I think it might be time we started seeing other people. These last few years have given rise to some issues I need to address before they eat me up inside. I love myself too much to let you continue hurting me the way you have, despite how hard I fight to justify and rationalize our relationship. Before I get to those, let’s take a trip down memory lane to look at the steps we took, together, to get where we are today.
Like many born in my era, I grew up with videogames. From my dad’s old Intellivision to my first NES, I’ve been slaying virtual dragons and conducting tank campaigns against Hitler for as long as I can remember. I know you don’t like to hear about my “exes”, but there were consoles before you. However, the relationships one has as a younger man don’t compare to those you begin to develop in high-school.
That’s where you came into my life.
I got my first PlayStation2 in Christmas of 2001, when I was 16-years-old. Unlike many of my friends, I hadn’t owned a console during the last generation, being forced to rent Nintendo 64s from Blockbuster or play them at a friend’s house. Spending time with them was a lovely, but fleeting experience, with each wonderful moment tainted by the knowledge that no matter how much fun we had, they belonged to another. Unwrapping that box and seeing your dark, sleek, and sexy lines was an exciting time indeed. I couldn’t wait to plug you in (I know you always loved dirty talk) and get my hands on you.

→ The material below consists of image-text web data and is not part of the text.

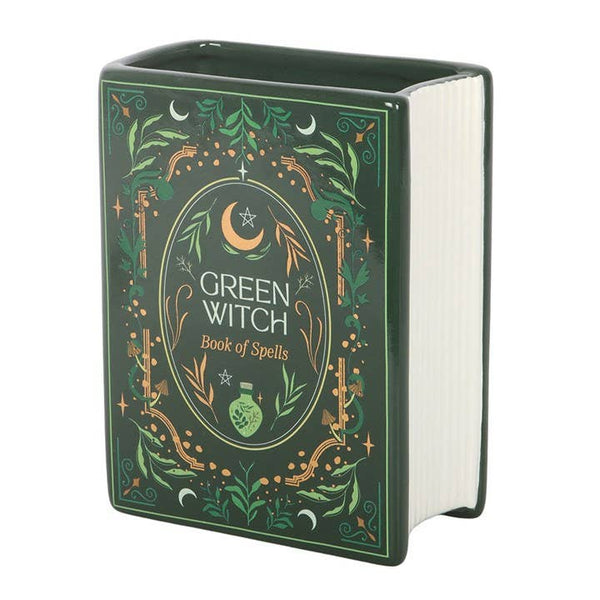 Book-Shaped Vase - Green Witch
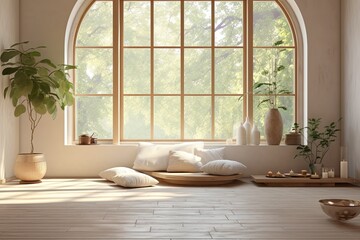 Fototapeta na wymiar Tranquil Yoga Space at Home: Serene Ambiance and Peaceful Room Inspirations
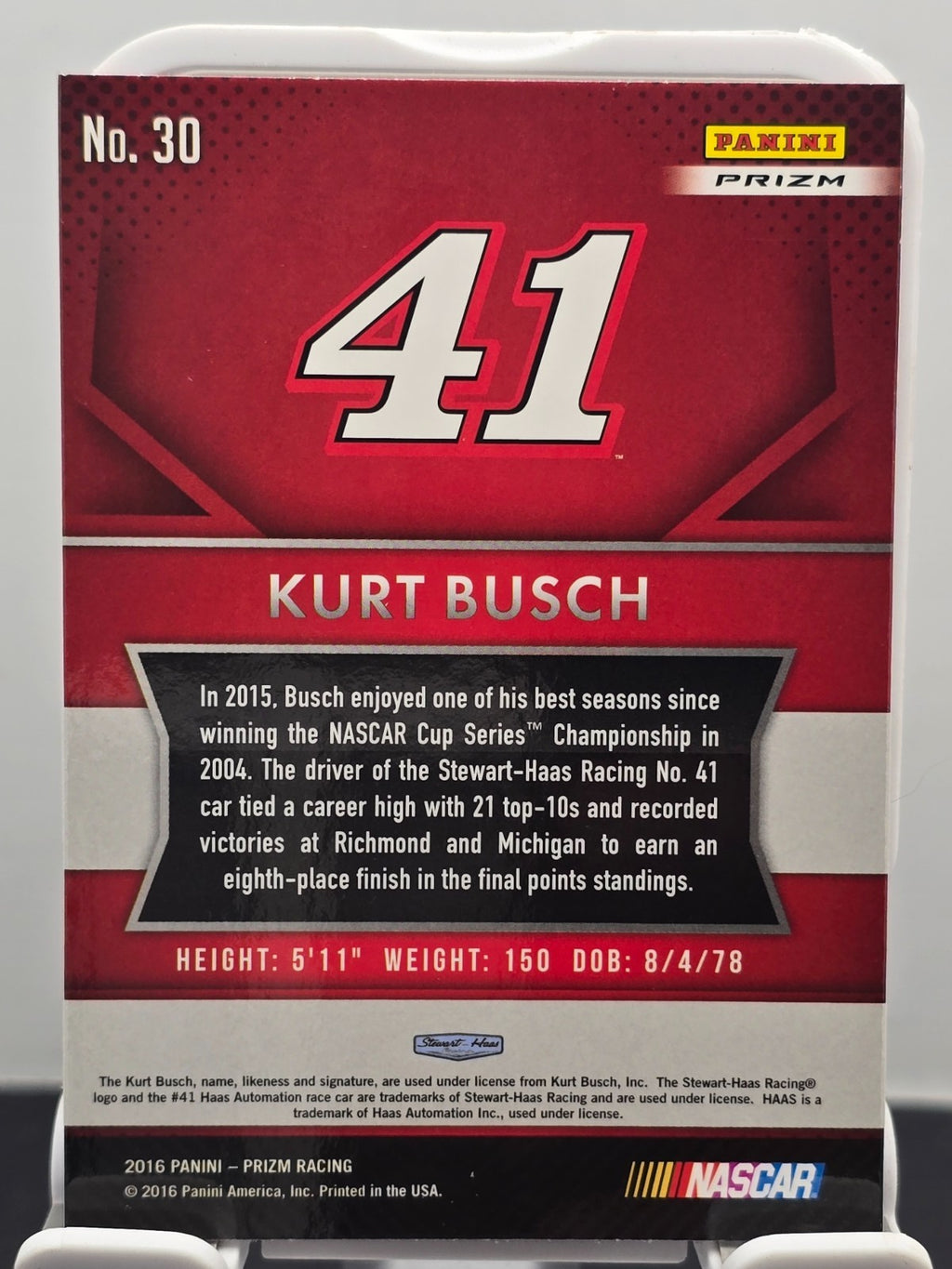 2016 Prizm Racing - #30 Kurt Busch - Red, White & Blue Prizm SP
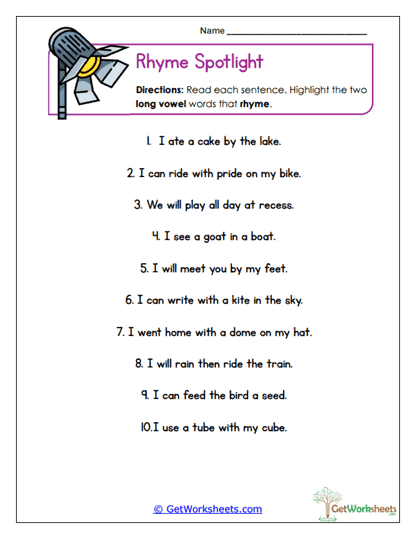Sentence Highlight Worksheet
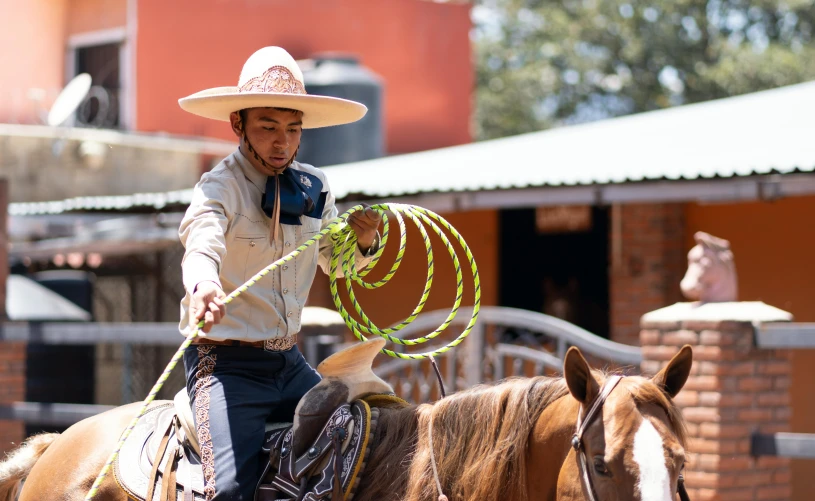 a man in a cowboy hat on top of a horse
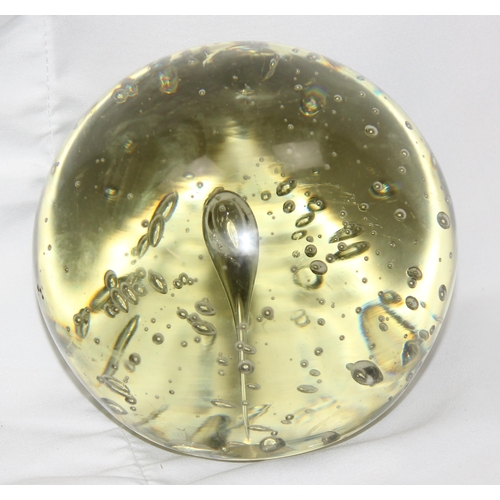 1656 - An unusually large 19th century Victorian glass dump paperweight with random bubble design, approx 1... 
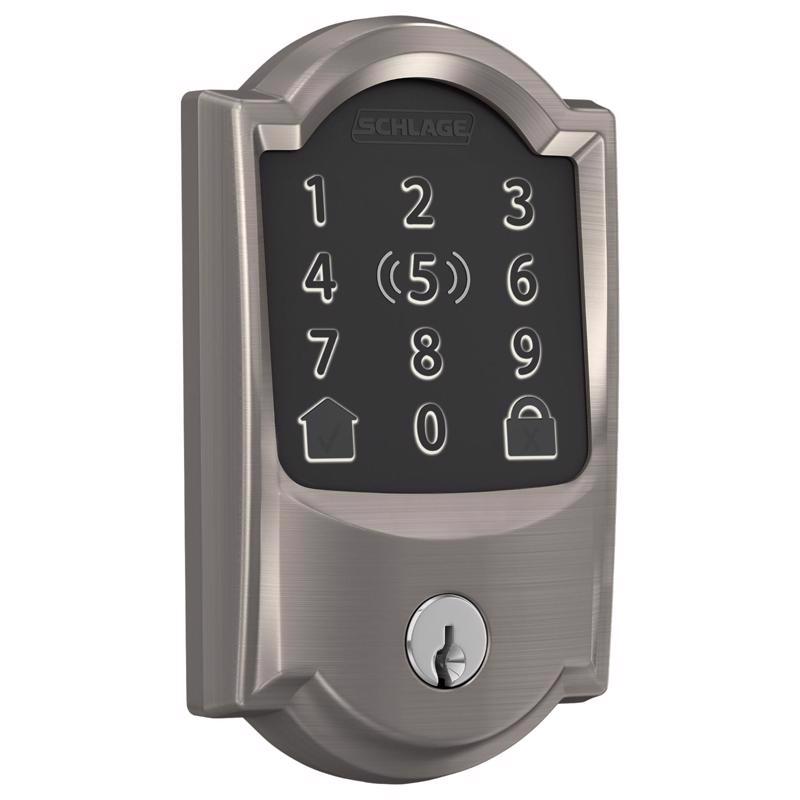 Schlage Encode Plus Satin Nickel Metal Wi-Fi Deadbolt with Camelot Trim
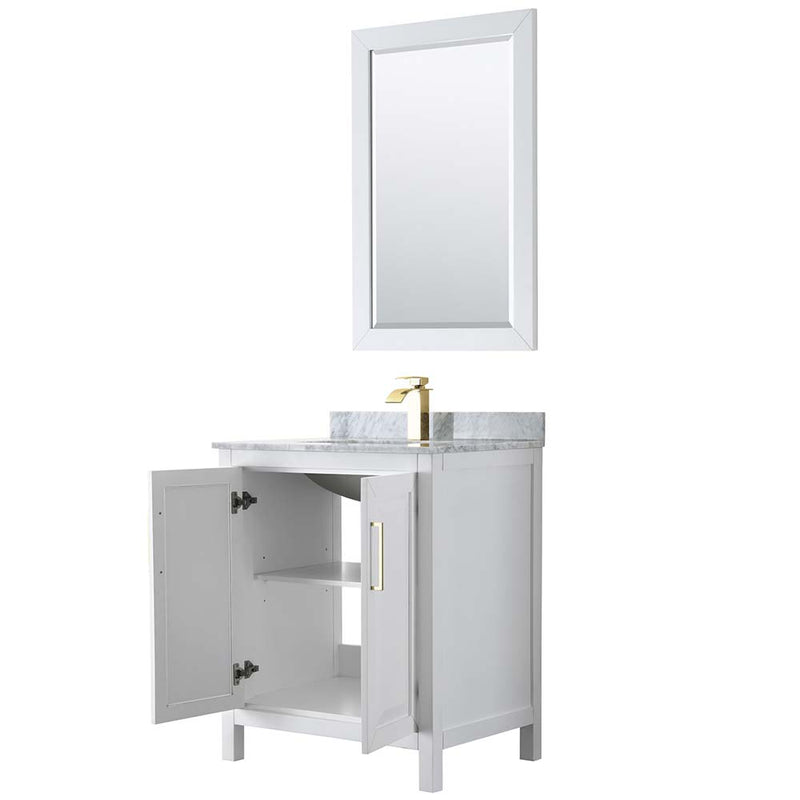 Daria 30 Inch Single Bathroom Vanity in White - Brushed Gold Trim - 26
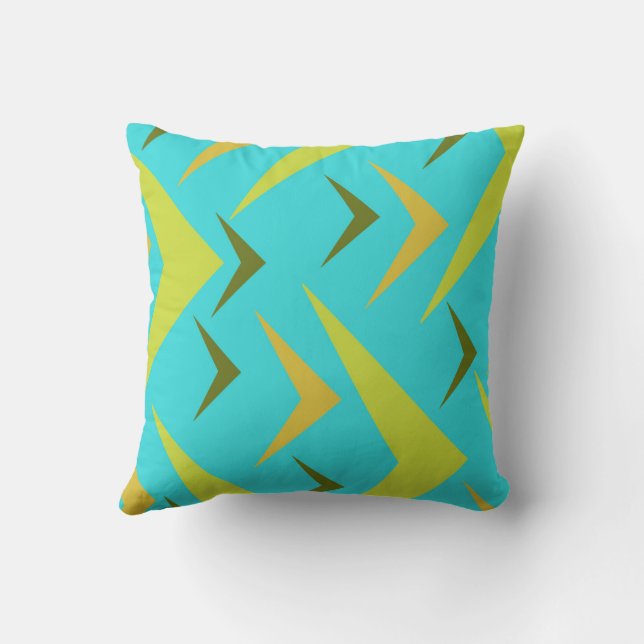 Turkos-bakgrund med pilarna grått och gult kudde (Baksida)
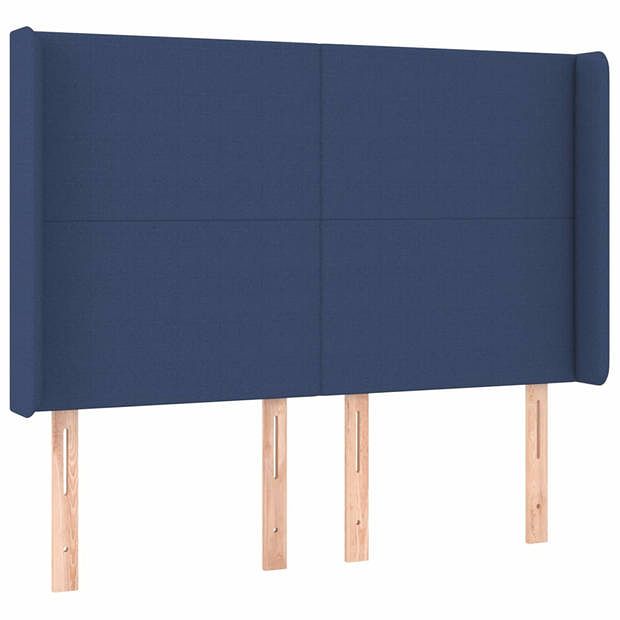 Foto van Vidaxl hoofdbord met randen 147x16x118/128 cm stof blauw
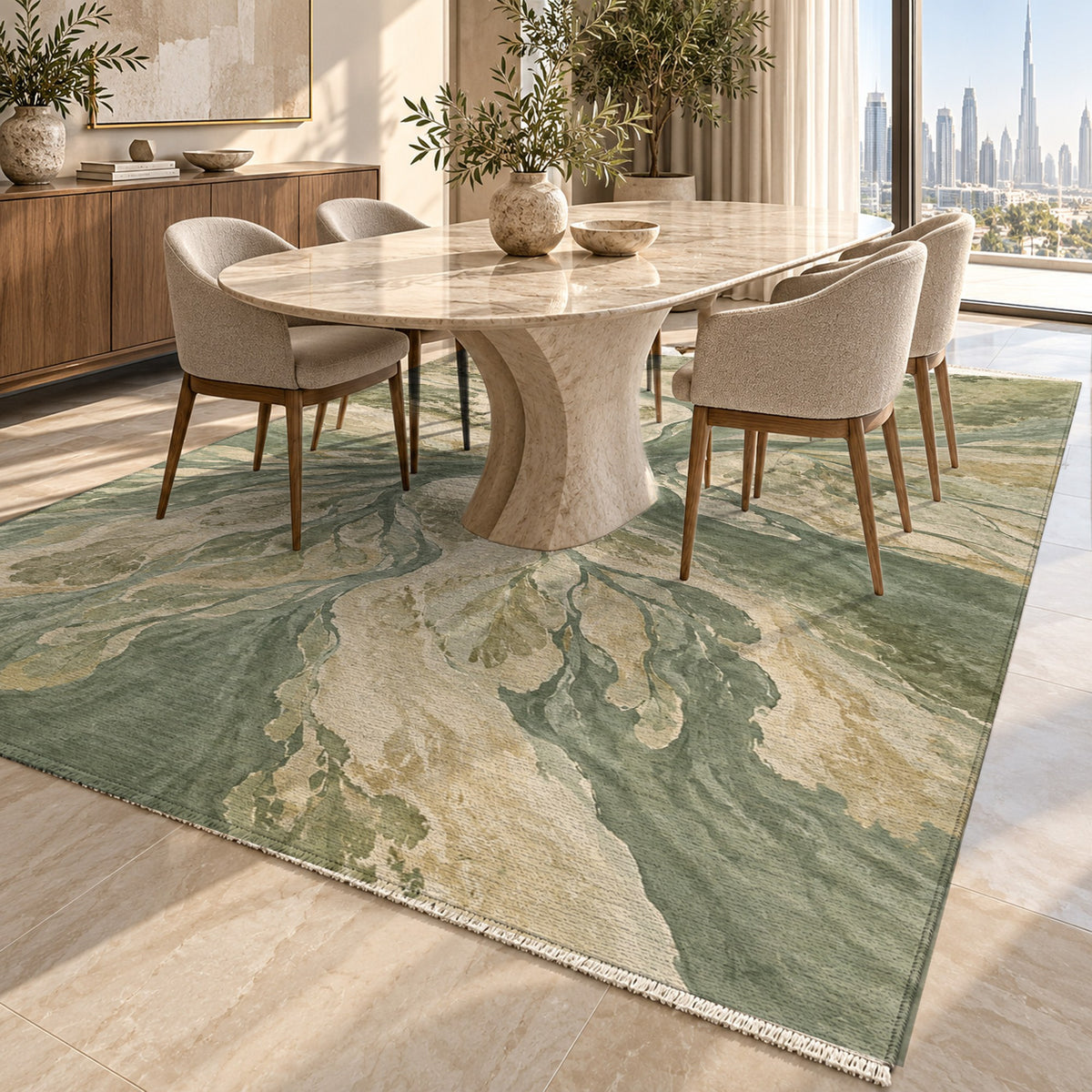 Estuary Fans Sage Abstract Washable Rug — dubai dining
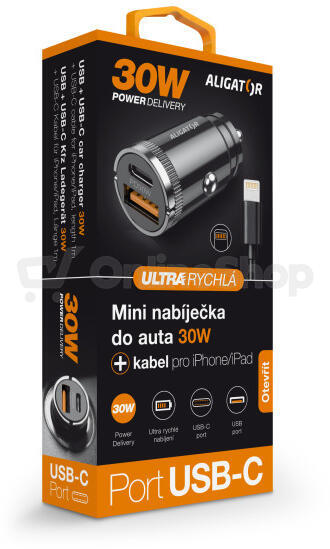 Chytrá Mini nabíječka do auta ALIGATOR Power Delivery 30W, USB-C + USB-A, USB-C kabel pro iPhone/iPad, černá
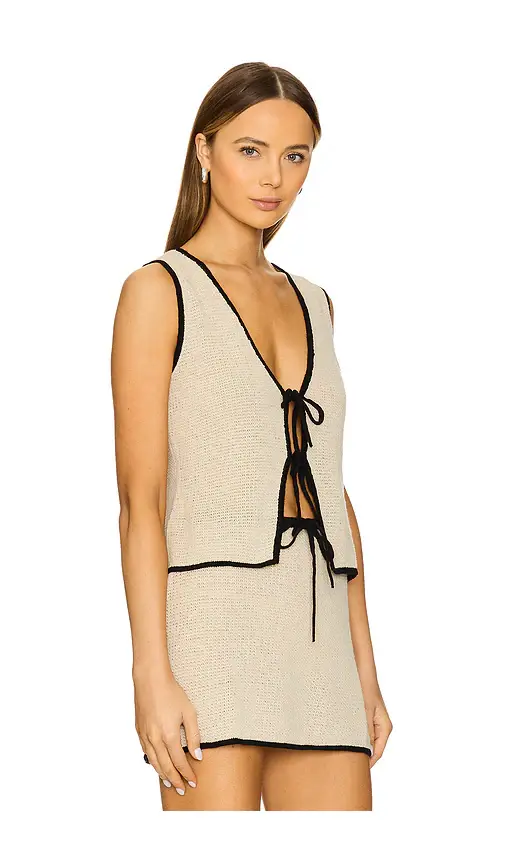 Onia Linen Knit Tie Front Tank | Thumbnail 2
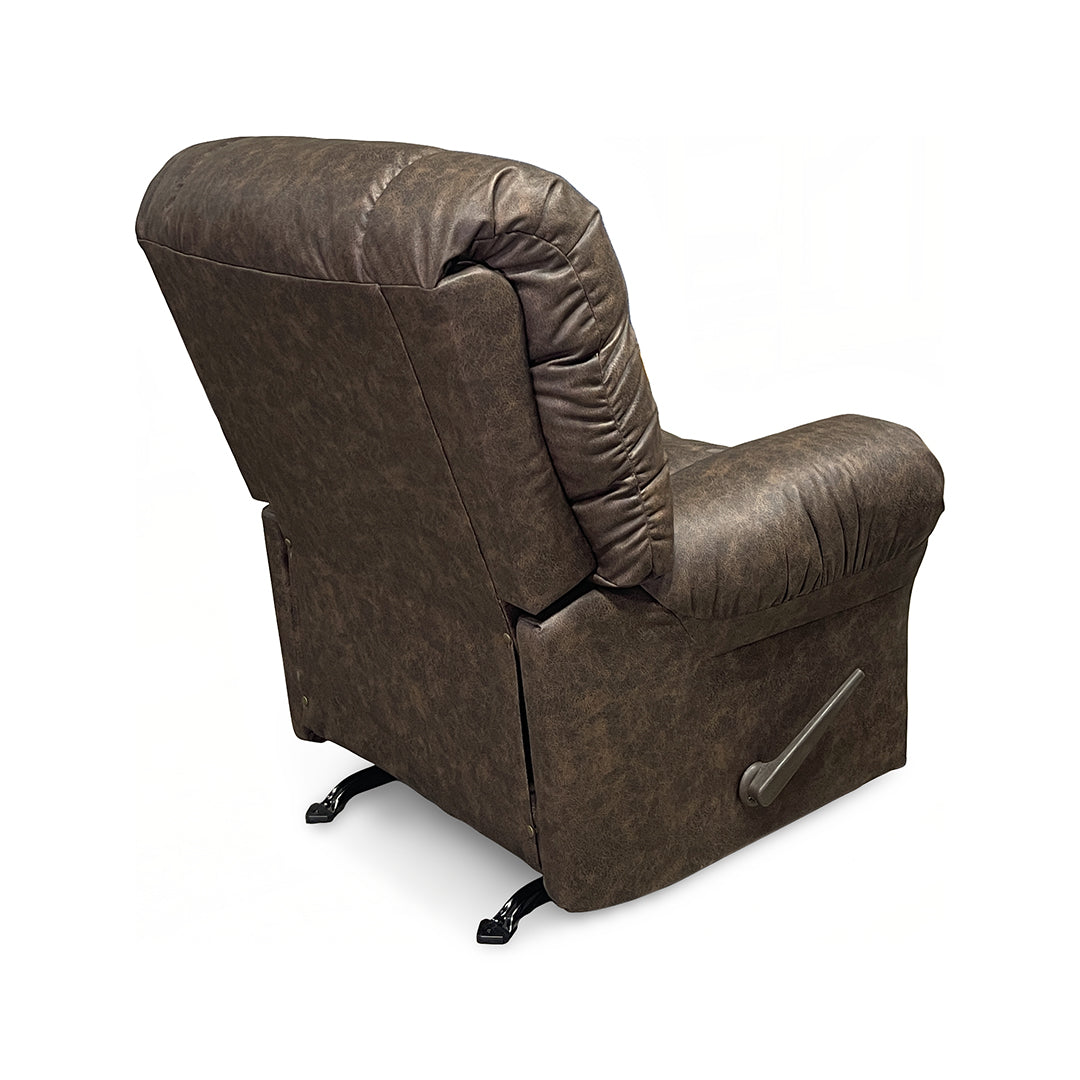 Seger Rocker Recliner from Best Home Furnishings in Brown Polyester with Manual Recline, Made in USA - Reclined position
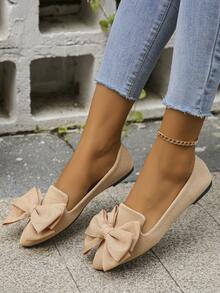 女士秋季新款户外蝴蝶结尖头平底鞋，卡其色面料软底日常工作驾驶乐福鞋 - 卡其色 - 查看 4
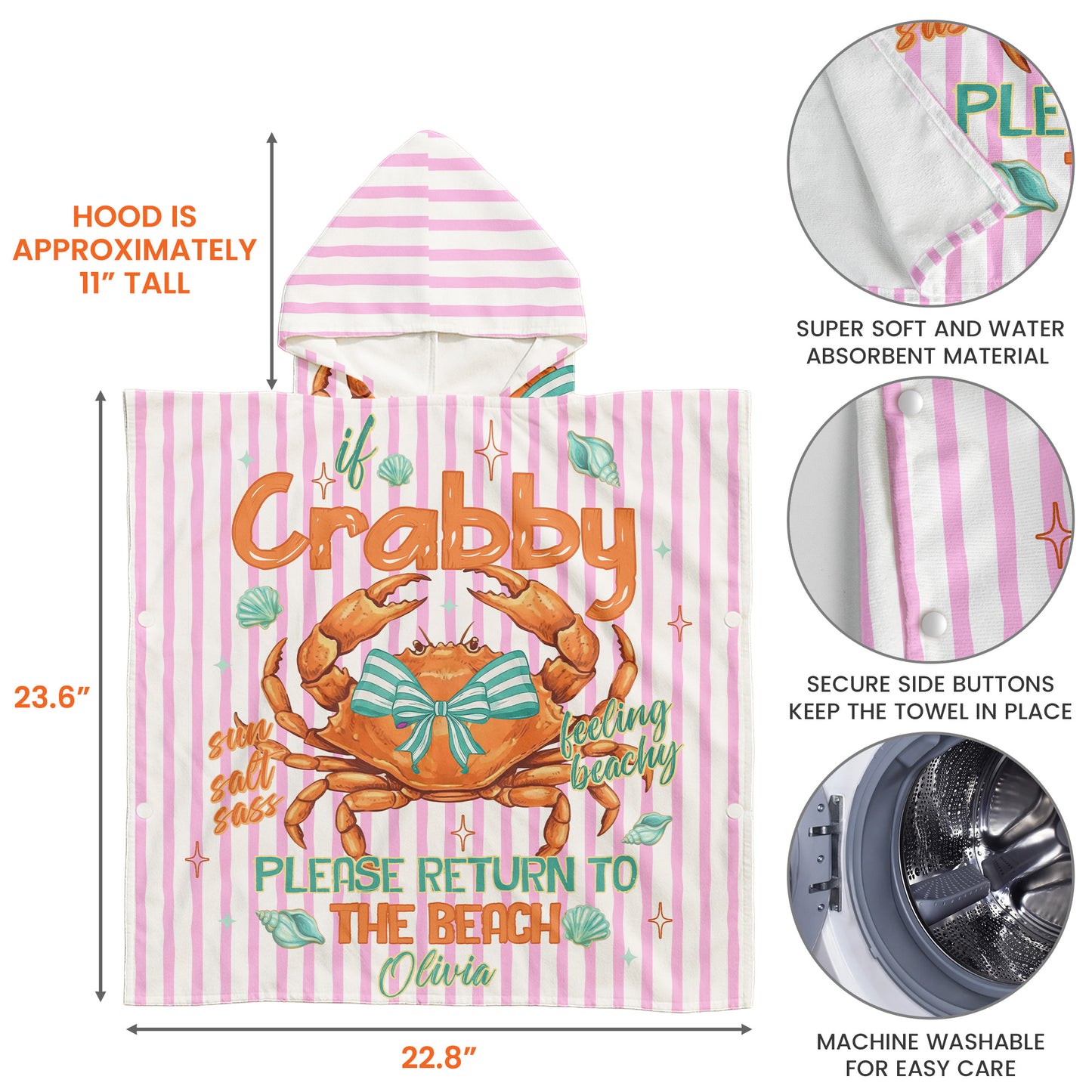 If Crabby Please Return To The Beach - Personalized Beach Towel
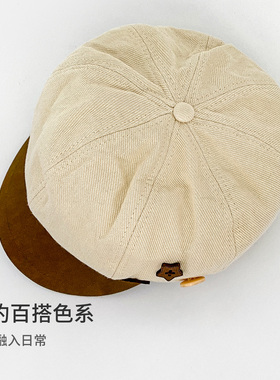 日系复古猫咪纽扣八角帽女春秋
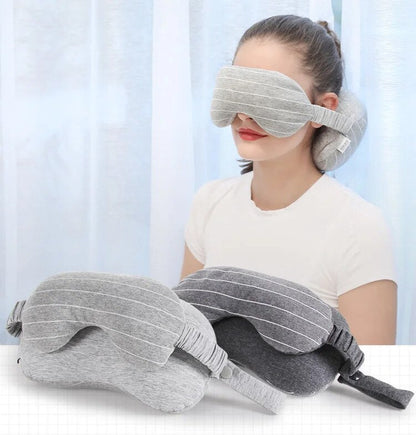 Anypack Travel Neck Pillow with Eye Mask Dark Gray Portable 2 in 1 Comfortable Sleep Headrest-Neck Pillow-PEROZ Accessories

Thus began a lengthy and stimulating partnership; one that often included many of my friends, you cheeky little freak. We made some great memories together…Lunch break Red Faction tournaments in my parents’ basement, trying the much hyped Gran Turismo and realizing that racing sims just might not be my thing, creeping through the streets of New Orleans in a chicken costume waiting for the right moment to strangle my target in Hitman: Blood Money, and playing intermittent matches of Tiger Woods between periods of Leafs games (Another tarnished and unhealthy relationship). You were my high-school sweetheart.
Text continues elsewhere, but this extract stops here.